A far segnare profondo rosso le borse europee è «l’incertezza assoluta su cosa potrà accadere. Le imprese non sanno se delocalizzare o meno». Mentre si attendono le contromisure che potrebbero essere adottate dall”Unione Europea e dalla Cina, «occorre negoziare con l’amministrazione Trump e le frattempo collaborare con le altre economie coinvolte dalla guerra dei dazi per evitare che si inneschi un effetto domino che può portare i mercati a proteggersi dal rischio di essere invasi dai prodotti che non riescono più ad essere venduti sul mercato americano». Secondo l’esperta l’Italia dovrebbe «guardare ai mercati europei e spingere sull’integrazione reale dell’economia europea per abbattere le barriere residuali, mentre nelle altre aree (extra Ue. n.d.r.) è bene agire a livello europeo e non come Paesi singoli, per aprirsi strade verso mercati a maggior potenziale di crescita».

Alessia Lo Turco dell’Univpm

Quali i mercati più promettenti per l’Italia e le Marche? «L’India e l’Indopacifico più in generale, ma serve appunto una dimensione europea, sia per i negoziati commerciali, sia per gestire più efficacemente le crisi geopolitiche in atto, come ad esempio gli attacchi Houthi alle navi che transitano nel Canale di Suez, nel Mar Rosso e che aggravano i costi di commercio ostacolando il transito delle merci». Per quanto riguarda le Marche tra i settori più esposti ci sono «moda, agroalimentare, componentistica e macchinari – prosegue – per questi ultimi due settori è difficile pensare che nell’immediato possa esserci una sostituzione, ma nel medio termine questo rischio è più concreto».

Professoressa rischiamo una recessione? «Si c’è un rischio di recessione.
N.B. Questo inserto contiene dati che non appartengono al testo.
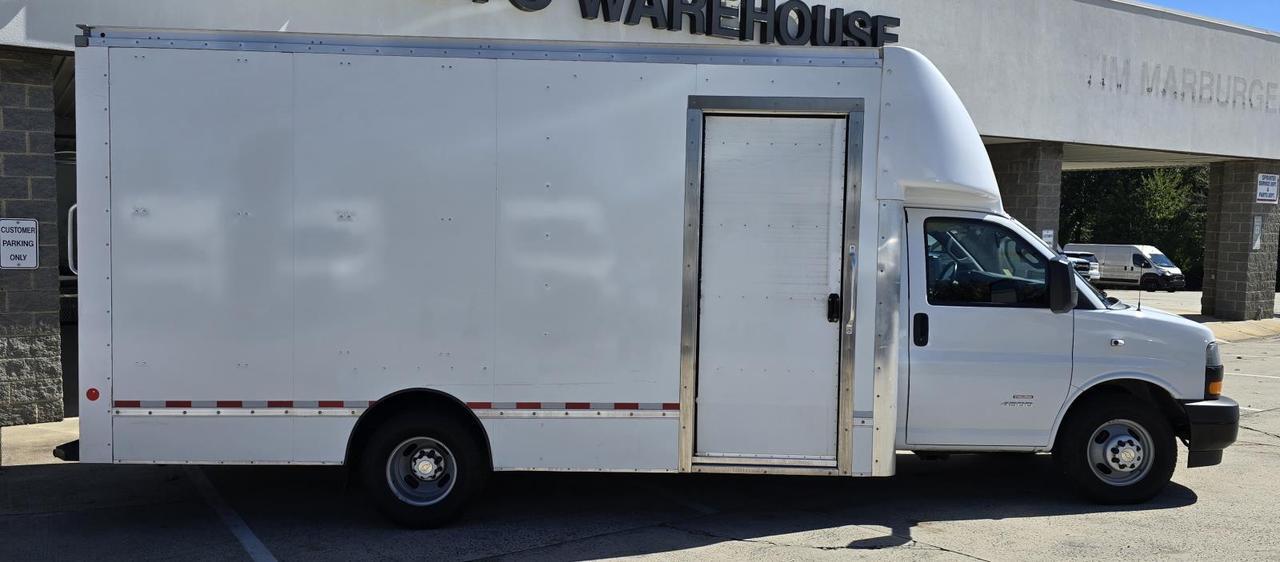 2023 Chevrolet Express Commercial Cutaway 4500 16ft Box W/Shelf and Roll-Up Door Concord NC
Le Marche in questo contesto si trovano esposte direttamente per via della tipologia di prodotti esportati, ma per quanto riguarda le esportazioni negli Usa di prodotti di nicchia, come agroalimentare e moda, è difficile pensare che i consumatori Usa si lascino scoraggiare da un incremento di costo del 20%. I più esposti sono i produttori che si collocano nelle fasce medio basse: questi potrebbero vedersi soppiantati da competitor del Sud America che hanno dazi più bassi dei nostri».

Secondo l’economista l’impatto dell’ondata di dazi americani non risparmierà neanche gli States dai suoi effetti negativi, specie nell’immediato. «I dazi erodono il reddito reale dei consumatori, specie con tariffe così importanti verso un gran numero di Paesi e per prodotti che gli Stati Uniti neanche producono. Una misura che riduce nell’immediato il benessere. Difficile dire chi ci perderà di più – puntualizza – perché si tratta di una situazione inedita che finora non si era mai verificata in una tale portata: i precedenti della prima amministrazione Trump erano circoscritti e solo per alcune aree, mentre ora tutto il mondo si deve riorganizzare e sembra difficile che il presidente degli Stati Uniti torni indietro».